Apart from the pictures, every entry below should be repeated exactly.
== EXTRACTED RECORDS
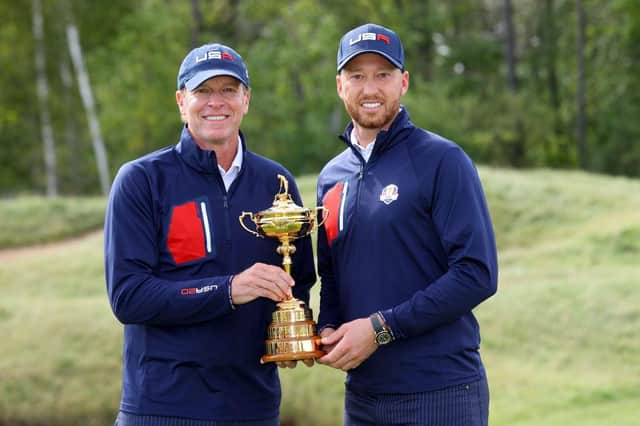 US captain Steve Stricker and Daniel Berger pose with the trophy prior to the 43rd Ryder Cup at Whistling Straits. Picture: Andrew Redington/Getty Images.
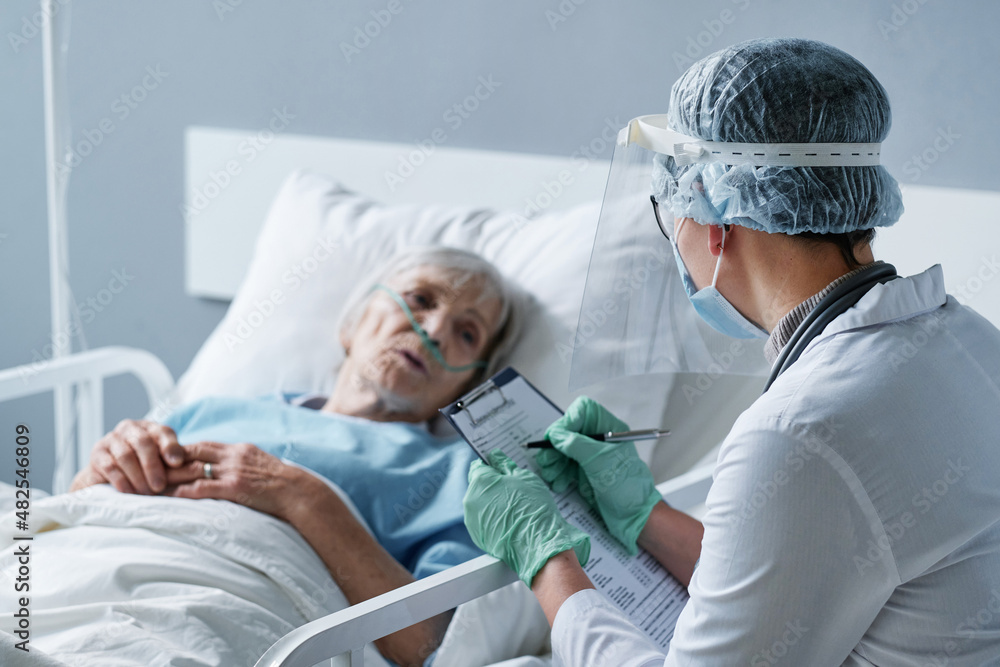 Obraz premium Rear view of young doctor in protective wear writing prescription for senior woman while she lying on bed at the ward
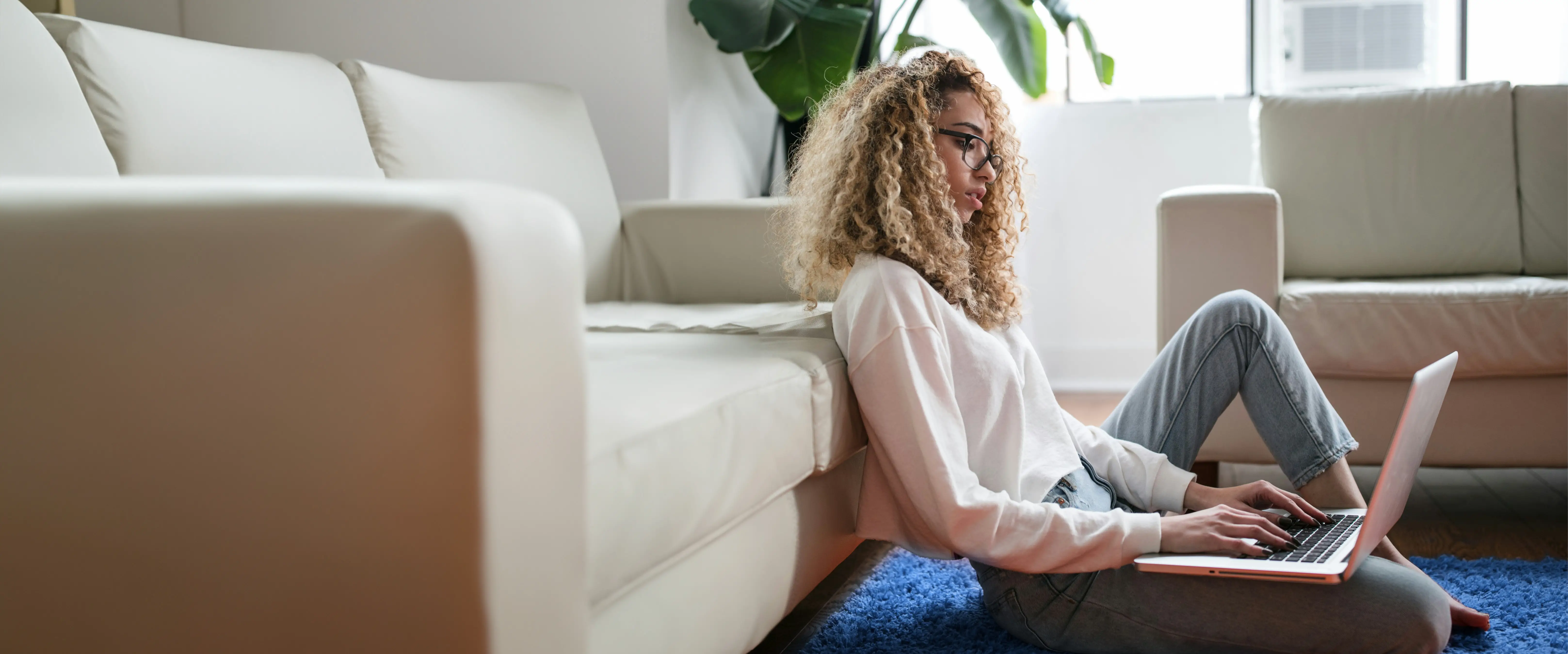 Junge Frau mit blonden Locken sitzt auf dem Teppich vor einem Sofa und arbeitet an einem Laptop.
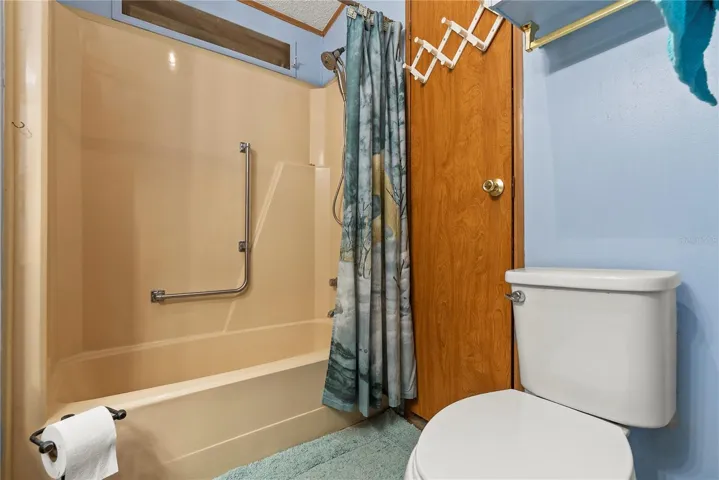 Family bathroom with tub and shower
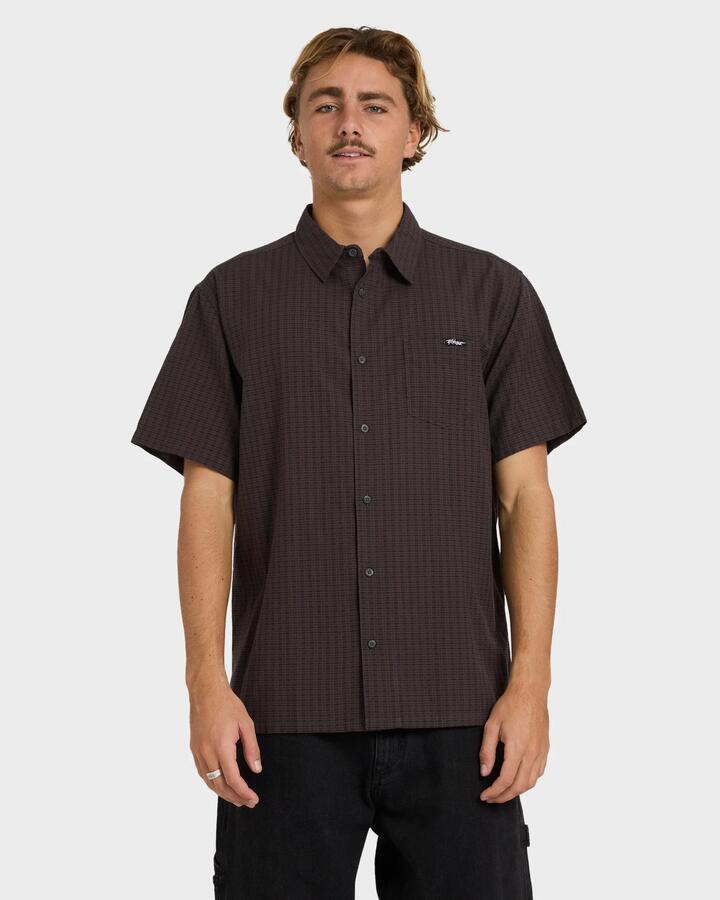 Image of a model wearing Tops. Product name - Billabong Mens Mogul Short Sleeve Shirt Raven in Raven colour by brand - Billabong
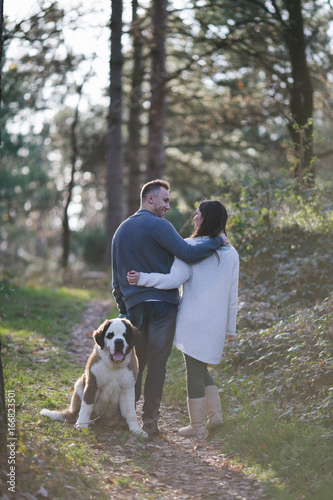 Young couple enjoying nature outdoors together with their Saint Bernard puppy. 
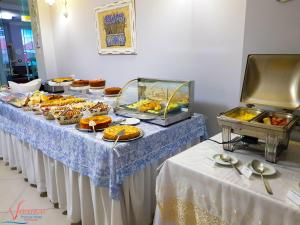 una línea de buffet con comida y postres en las mesas en Videiras Palace Hotel, en Cachoeira Paulista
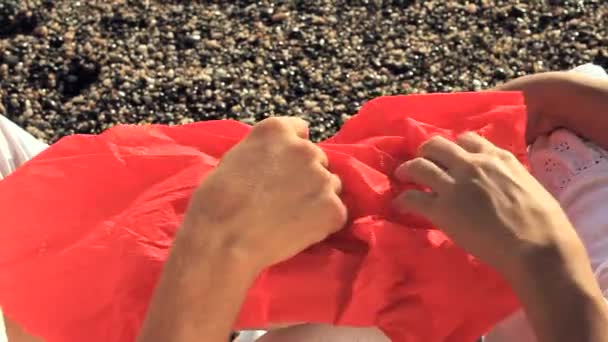 L'homme et la femme ouvrent un paquet rouge assis sur la plage — Video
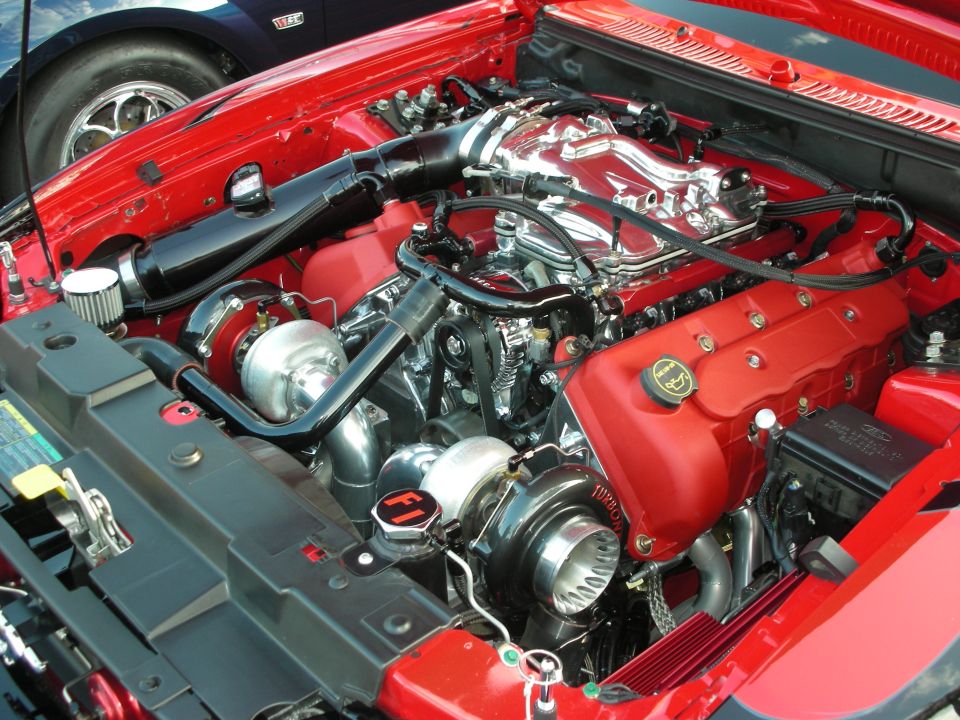 Red engine bay with twin turbochargers and chrome intake manifold. A dark blue car is partially visible in the background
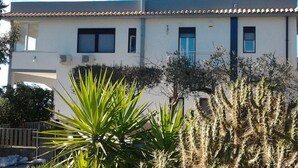 Um edifício de dois andares com telhado plano, paredes brancas e varanda no segundo pavimento.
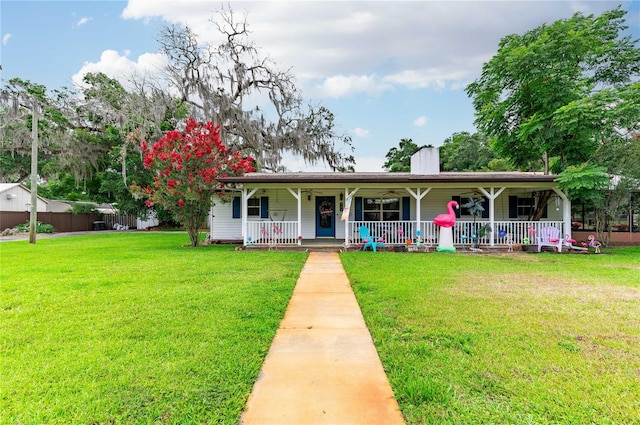 single story home featuring covered porch, a front lawn, and a chimney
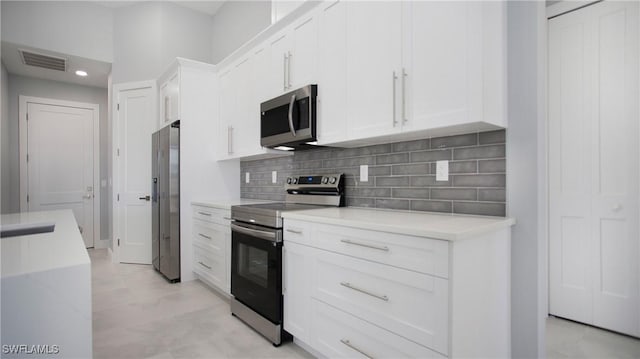 kitchen with stainless steel appliances, visible vents, white cabinets, light countertops, and backsplash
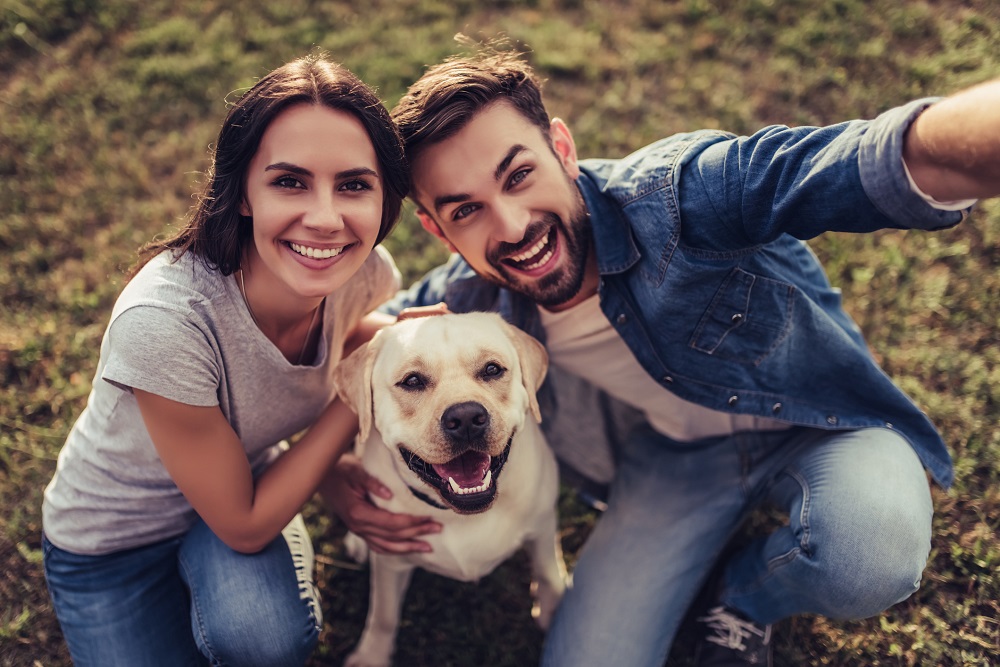 Cuplu fericit care petrece timp în natură cu animalul de companie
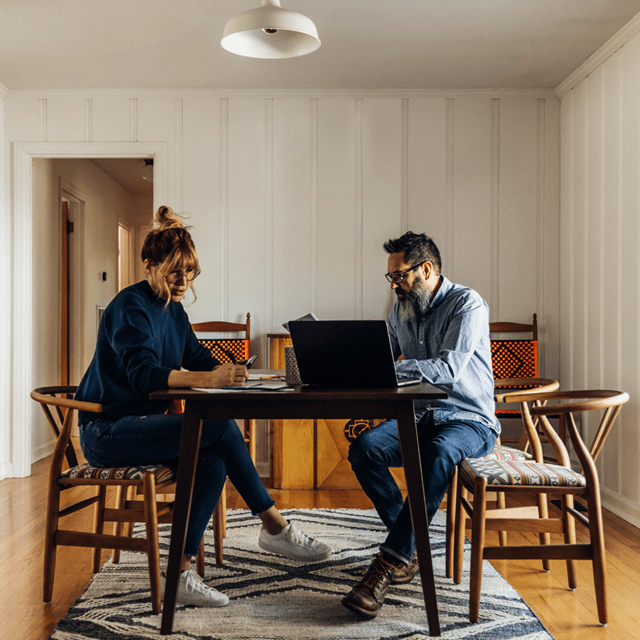 To personer ved et bord med computer og skriveredskaber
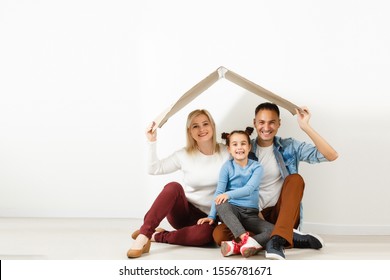 Happy Young Family Under A Safe Roof, Concept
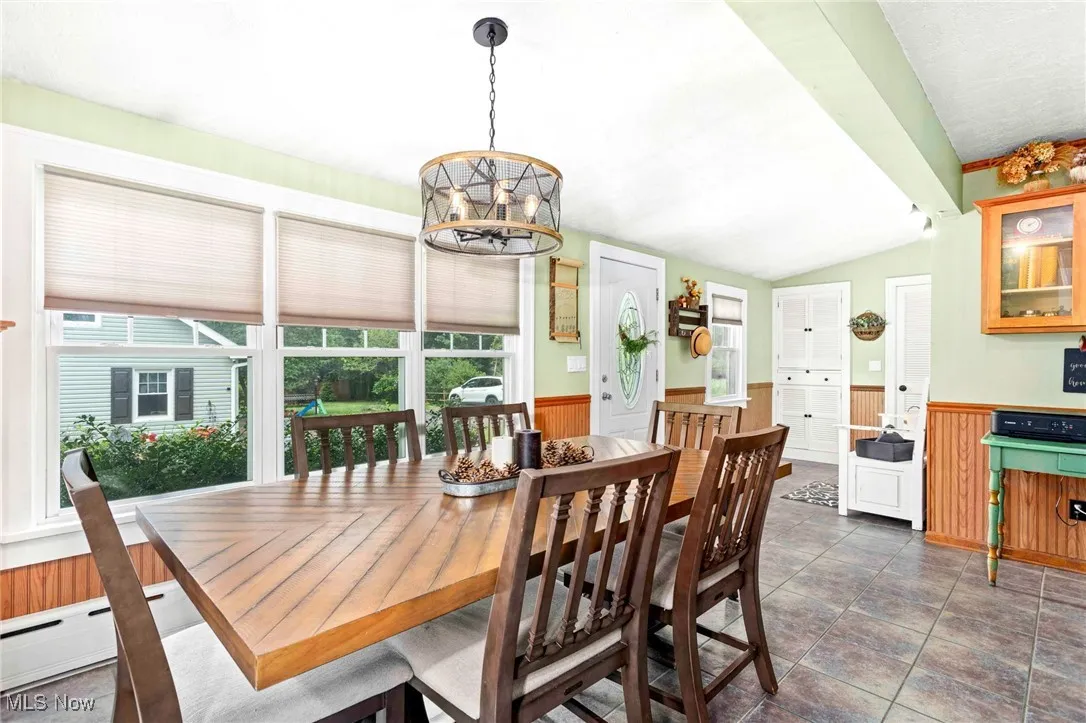 Tiled dining space featuring wainscoting, wooden walls, a chandelier, a baseboard heating unit, and vaulted ceiling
====
= SOLVED PROBLEM =
 US captain Steve Stricker and Daniel Berger pose with the trophy prior to the 43rd Ryder Cup at Whistling Straits. Picture: Andrew Redington/Getty Images.
 Obraz premium Rear view of young doctor in protective wear writing prescription for senior woman while she lying on bed at the ward
 Junge Frau mit blonden Locken sitzt auf dem Teppich vor einem Sofa und arbeitet an einem Laptop.
 Family bathroom with tub and shower
 Image of a model wearing Tops. Product name - Billabong Mens Mogul Short Sleeve Shirt Raven in Raven colour by brand - Billabong
 Young couple enjoying nature outdoors together with their Saint Bernard puppy. 
 una línea de buffet con comida y postres en las mesas en Videiras Palace Hotel, en Cachoeira Paulista
 L'homme et la femme ouvrent un paquet rouge assis sur la plage — Video
 Red engine bay with twin turbochargers and chrome intake manifold. A dark blue car is partially visible in the background
 Um edifício de dois andares com telhado plano, paredes brancas e varanda no segundo pavimento.
 single story home featuring covered porch, a front lawn, and a chimney
 kitchen with stainless steel appliances, visible vents, white cabinets, light countertops, and backsplash
 Cuplu fericit care petrece timp în natură cu animalul de companie
 To personer ved et bord med computer og skriveredskaber
 Happy Young Family Under A Safe Roof, Concept
 Tiled dining space featuring wainscoting, wooden walls, a chandelier, a baseboard heating unit, and vaulted ceiling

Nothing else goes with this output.